Eighteen Partnership Commendations went to state resources agencies in 16 states, recognizing "the many cooperators who have contributed to the success of the National Wetlands Inventory program over the past three decades." Partnership Commendations specifically recognize State agencies and organizations that have contributed "in substantive ways" to support the mission of the National Wetlands Inventory program over the years. Their support has enabled the Service to digitally map almost half of the United States and help the wetlands program "complete numerous technical reports on wetlands as well as an array of special mapping and assessment projects." Agencies in the following States received Partnership Commendations:
California, Delaware, Georgia (two awards), Illinois, Indiana, Iowa, Maine, Maryland, Michigan, Minnesota, New York, North Carolina, Oregon, South Carolina, Virginia (two awards) and Washington.

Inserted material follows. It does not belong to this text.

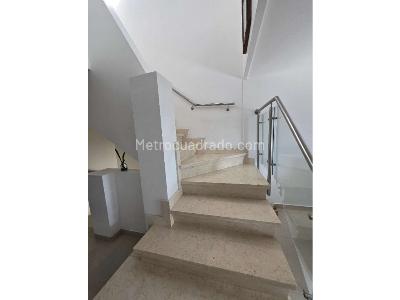 Casa de 5 alcobas en venta en Loma De Las Brujas, Envigado, 204 m² · foto 4 de 15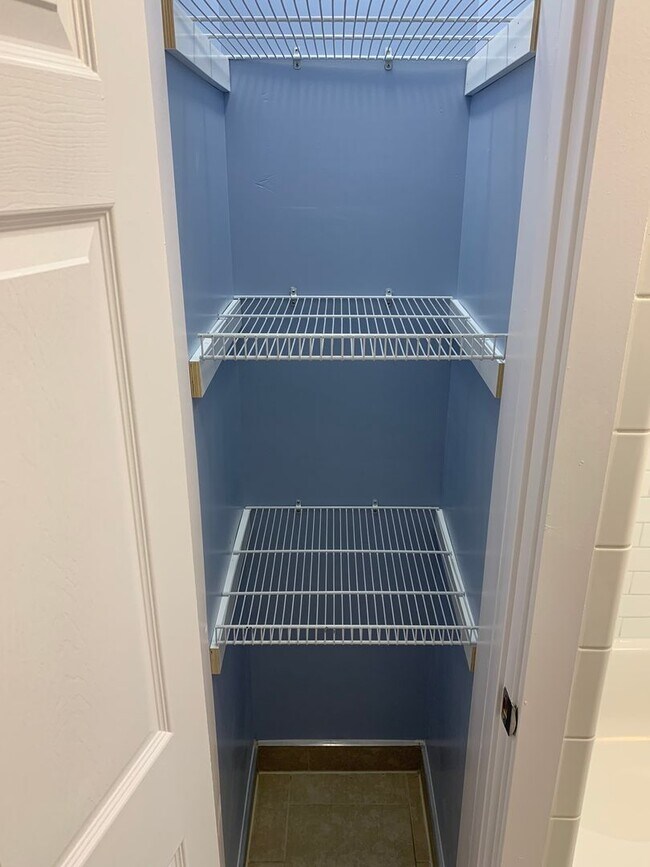 Building Photo - 4172 E Galbraith Rd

The U.S. Fish and Wildlife Service is the principal Federal agency responsible for conserving, protecting and enhancing fish, wildlife and plants and their habitats for the continuing benefit of the American people. The Service manages the 95-million-acre National Wildlife Refuge System, which encompasses 545 national wildlife refuges, thousands of small wetlands and other special management areas. It also operates 69 national fish hatcheries, 63 Fish and Wildlife Management offices and 81 ecological services field stations. The agency enforces federal wildlife laws, administers the Endangered Species Act, manages migratory bird populations, restores nationally significant fisheries, conserves and restores wildlife habitat such as wetlands, and helps foreign governments with their conservation efforts. It also oversees the Federal Assistance program, which distributes hundreds of millions of dollars in excise taxes on fishing and hunting equipment to state fish and wildlife agencies.